Guidance from HMRC says there is nothing wrong with having accounts overseas, as long as you declare all taxable income and gains on your UK tax return. Therefore, you should first see if the money you hold in international bank accounts is earning interest. If you have money sitting in an international current account, it may not be earning any interest in the first instance. There is no requirement for declaring foreign bank accounts to HMRC if they are non-interest bearing accounts.

A Deeper Dive into Reporting by Churchill Tax Advisers

How Will HMRC Know If I’m Not Declaring Foreign Bank Accounts?

In 2018, HMRC had its largest drive to date for UK taxpayers to notify HMRC about any offshore tax liabilities that could relate to UK income tax, capital gains tax, or inheritance tax. New legislation called the ‘Requirement to Correct’ came into force with significant penalties for those who failed to comply.

HMRC conducts its own risk assessment on the offshore element of tax returns (including when nothing is stipulated by the individual filing the tax return). The reason 2018 saw such a large drive by HMRC is because the UK and over 100 other countries adopted the Common Reporting Standard (CRS) which is a global initiative for the automated reporting of financial account information. The initiative, which is overseen by the OECD, provided HMRC with details of 5.7 million offshore accounts held by UK residents in 2018. Again, you don’t necessarily have to declare foreign bank accounts to HMRC if no interest is gained on the accounts, but you must report all overseas income.

HMRC is now proactively challenging taxpayers who it suspects may have under-reported or evaded tax altogether on offshore income. This is a focus area for HMRC in identifying cases for routine enquiry and, if required, criminal investigation.

Not Declaring Income to HMRC

This is ultimately what HMRC is trying to crack down on. If you simply have an overseas current account which earns no interest, then this is absolutely fine and does not need reporting. Not declaring income to HMRC, including overseas income, is the primary offence.

For UK residents, there are no minimum limits for reporting overseas income. No matter how negligible the amount might actually be, it is still a requirement to include this in the overseas section of your tax return. In the end, the tax impact may be small, but it’s the cost of non-compliance which could be felt further – especially if penalties apply.

How to Receive Money from Abroad Without a Bank Account?

If you want to avoid the hassle of reporting a bank account to HMRC you could simply skip having a bank account abroad. It may sounds funny but many people are looking for an offshore or international bank account just because they need to receive money from abroad.
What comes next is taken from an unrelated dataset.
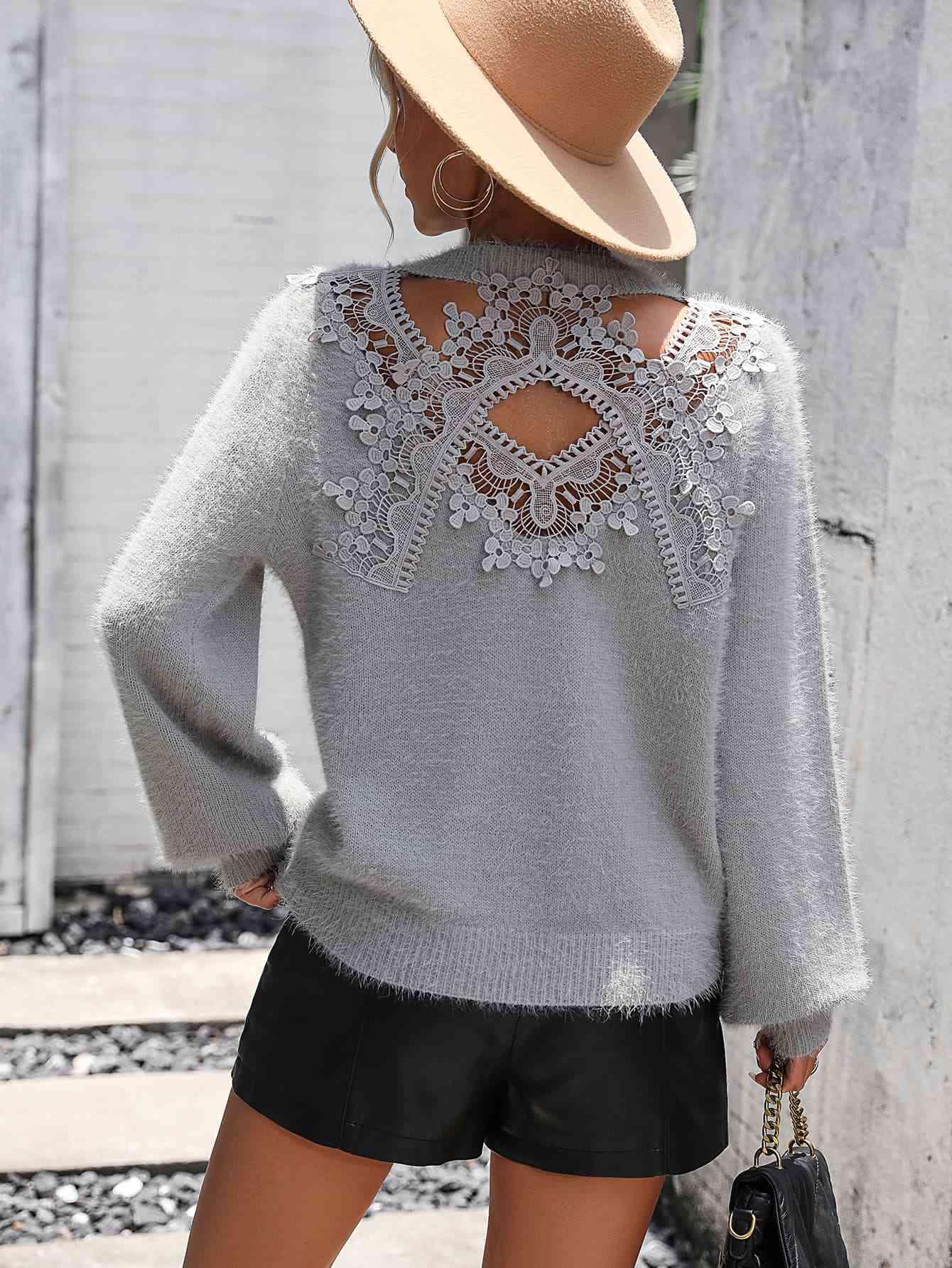 Fuzzy Back Cutout Lace Trim Sweater - MXSTUDIO.COM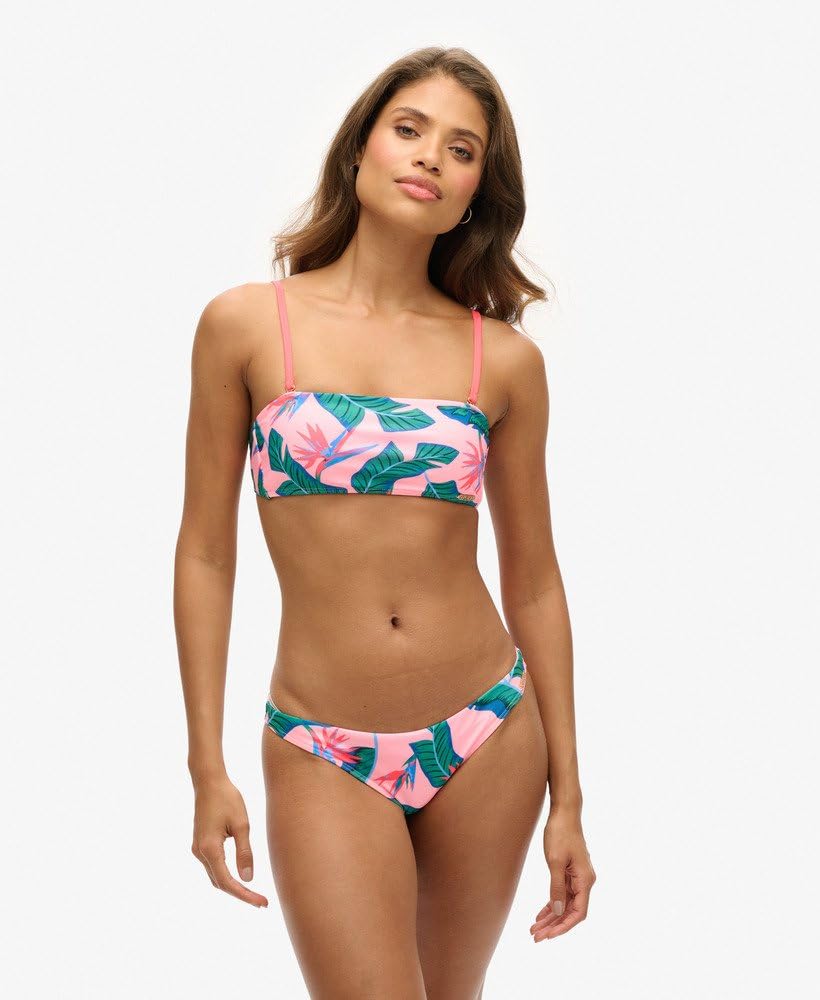Superdry Damskie wyrafinowane majtki bikini z tropikalnym nadrukiem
There are two ways to circumvent that:

  1. Create a virtual bank account abroad also called a multi-currency account. which is not a bank account per se, but rather a PAYMENT account that can accept inbound and outbound transfers in multiple currencies (but does not have other bank functions like accumulating interest).
  2. Use a currency broker – a type of brokerage that specialises in large payments including receiving large amounts of money from abroad. They make the process easy and swift while applying wholesale exchange rates to your transfer. Since no bank account opening is involved, you don’t need to report it to HMRC.

Concluding Remarks – Foreign Bank Accounts and HMRC

Reporting overseas assets and overseas income is arguably the most complex element of filing a tax return. Should you make an error on your tax return and realise that you should have been declaring foreign bank accounts to HMRC then it will always be better for you to proactively reach out and notify HMRC of the error. HMRC now has access to more overseas account information than ever before and not declaring income to HMRC that you earned overseas can see you penalised and face criminal prosecution. Providing you disclose all income from the UK and around the world you should have nothing to fear from an HMRC investigation.